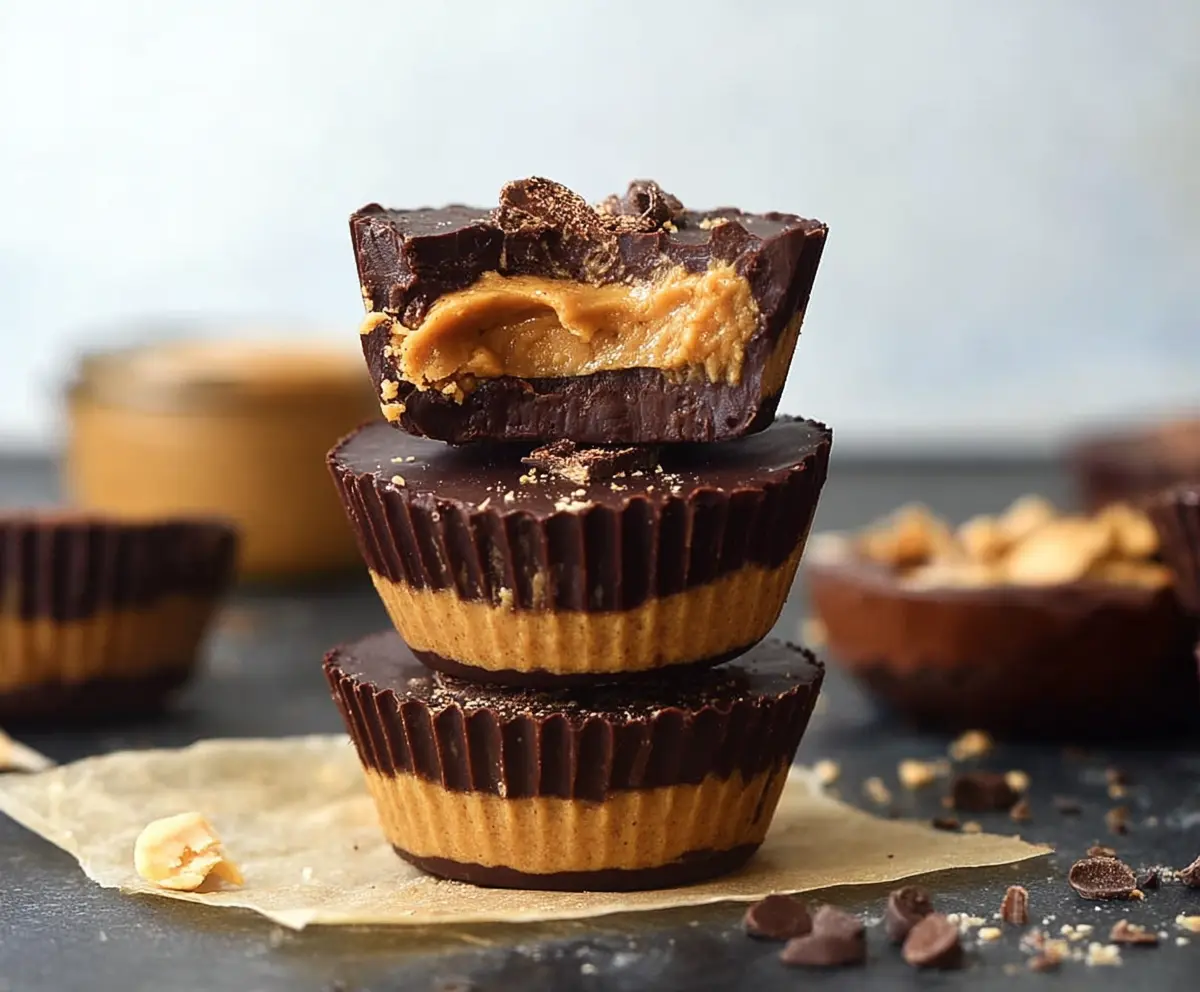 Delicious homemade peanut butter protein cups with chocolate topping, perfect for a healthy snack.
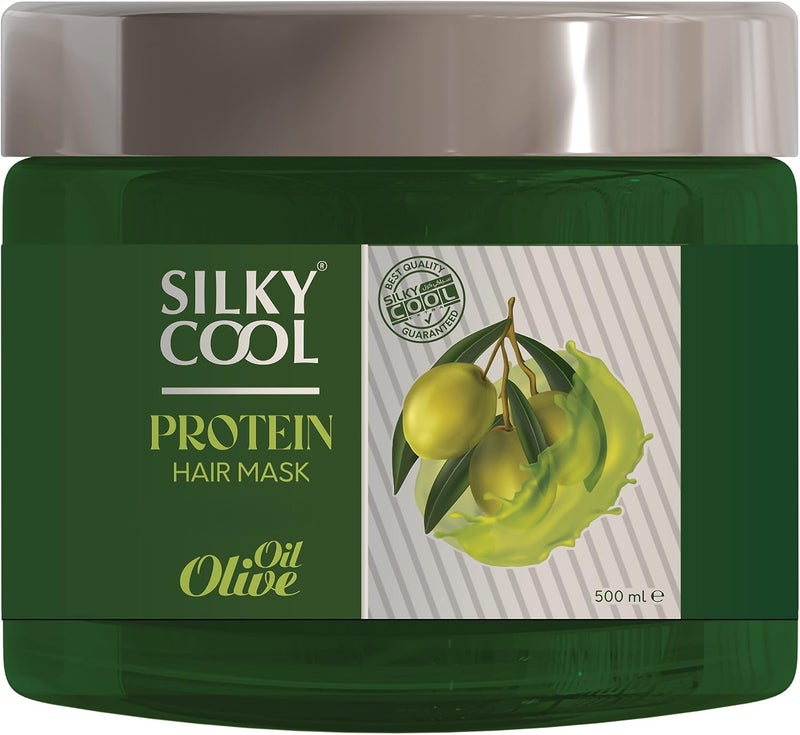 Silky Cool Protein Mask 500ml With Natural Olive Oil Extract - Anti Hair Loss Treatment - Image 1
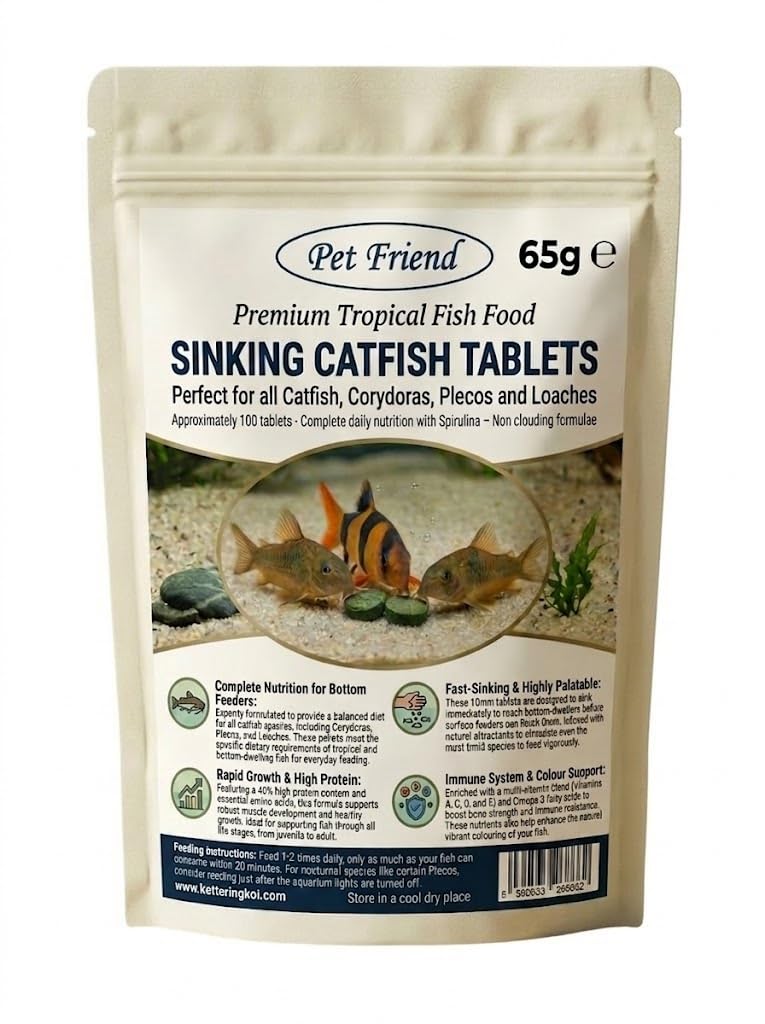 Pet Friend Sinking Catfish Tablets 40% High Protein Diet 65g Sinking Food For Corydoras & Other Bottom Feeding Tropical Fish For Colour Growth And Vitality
+++++
**EXERCISE DETAILS:** Print, exactly and only, the lines running from the line with "Silky Cool Protein" through the last line of the data, including both. Skip any picture.

**REPLY:**
 Silky Cool Protein Mask 500ml With Natural Olive Oil Extract - Anti Hair Loss Treatment - Image 1
 Pet Friend Sinking Catfish Tablets 40% High Protein Diet 65g Sinking Food For Corydoras & Other Bottom Feeding Tropical Fish For Colour Growth And Vitality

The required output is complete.